Puncak peperangan pada abad modern, pengeboman Hiroshima dan Nagasaki, kita menjadi penyaksi bahwa kerusakan itu begitu nyata. Tanah, air dan udara terpapar radiasi bom atom. Akibatnya, terjadi mutasi gen yang menyebabkan munculnya penyakit kanker dan penyakit lainnya yang membawa dampak berkepanjangan. Efek rumah kaca akibat perang secara langsung telah mengubah ekosistem bumi. Alam rusak.
Dampak perang yang begitu merusak lingkungan itulah, memunculkan slogan Revoluai Rusia: roti, anggur dan perdamain. Perang tak menghasilkan apa-apa selain kerusakan dan penderitaan bagi umat mausia. Tak mengherankan kalau Albert Einstein yang teorinya menjadi dasar pembuatan bom atom, begitu terluka melihat dampak dari perang. Bersama sastrawan Bertrand Russell, Einstein membuat manifesto menolak perang.
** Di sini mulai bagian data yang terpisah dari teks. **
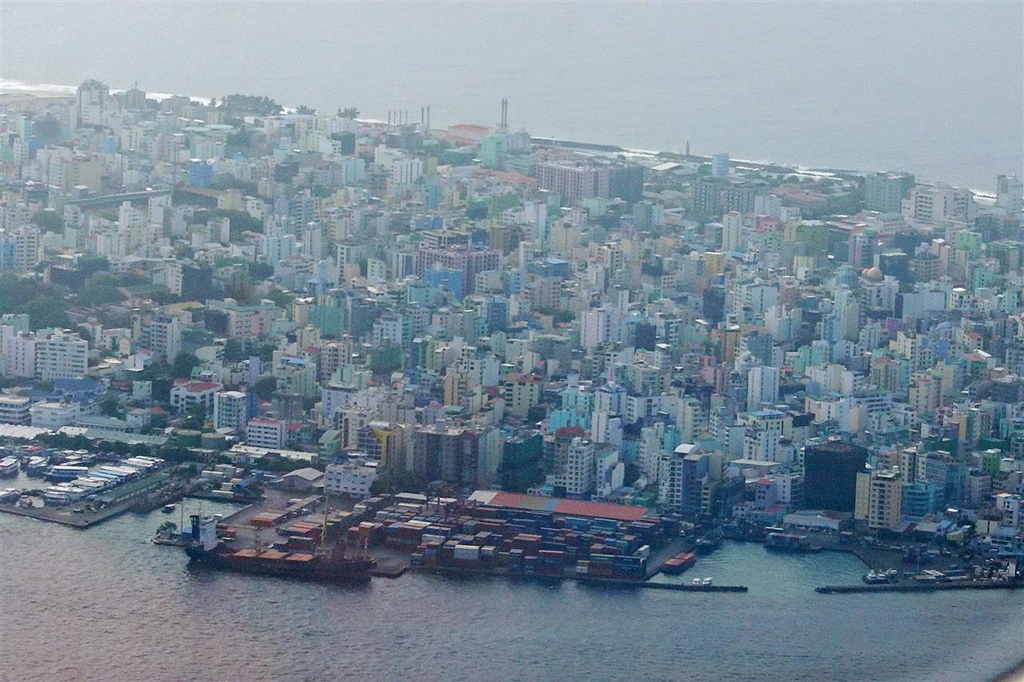 DSC00981.JPG DSC00981.JPG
Salah satu bunyi manifestonya: “kita sekarang tahu, terutama sejak uji coba terkini, bahwa bom nuklir secara bertahap dapat menyebarkan kehancuran ke area yang jauh lebih luas daripada yang diperkirakan sebelumnya.”
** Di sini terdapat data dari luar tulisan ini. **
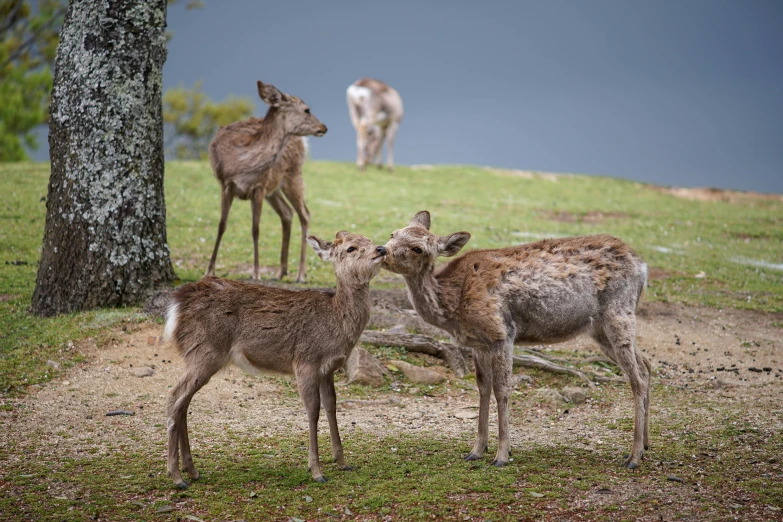 a herd of deer standing on top of a lush green hillside, pexels contest winner, figuration libre, kissing, in karuizawa, grey, trio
Sikap Einstein, Russel dan penandatangan manifesto perdamaian, berkebalikan dengan kelas menengah pemuja mooi indie. Beberapa hari lalu, lidah mereka belum kering, bergenit-genit membuat tagar #saveRajaAmpat dengan dalih bahwa penambangan merusak lingkungan. Kini, dari ruangan 4×6 meter, mereka bersulih menjadi ahli tatikus perang dan ahli persenjataan, sembil menegak wine dan menghisap ganja, bertempik sorak melihat peperangan antara Israel melawan Iran. Mereka mengisi grup-grup WA dengan analisa pseudo ilmiah dan sok tahu tentang perang yang tengah berkecamuk, tanpa secuilpun melakukan kecaman terhadap perang. Bagi mereka,korban perang hanyalah deretan angka.
Sikap hiprokrisi (kemunafikan) kelas menengah pemuja mooi indie menunjukkan karakter mereka sebenarnya. Mereka tidak benar-benar mencintai alam. Mereka hanya tidak mau surga di negaranya hancur karena menghilangkan kesempatan penyembuhan jiwa, tapi mereka tak peduli lingkungan alam di negara lain porak-poranda karena perang.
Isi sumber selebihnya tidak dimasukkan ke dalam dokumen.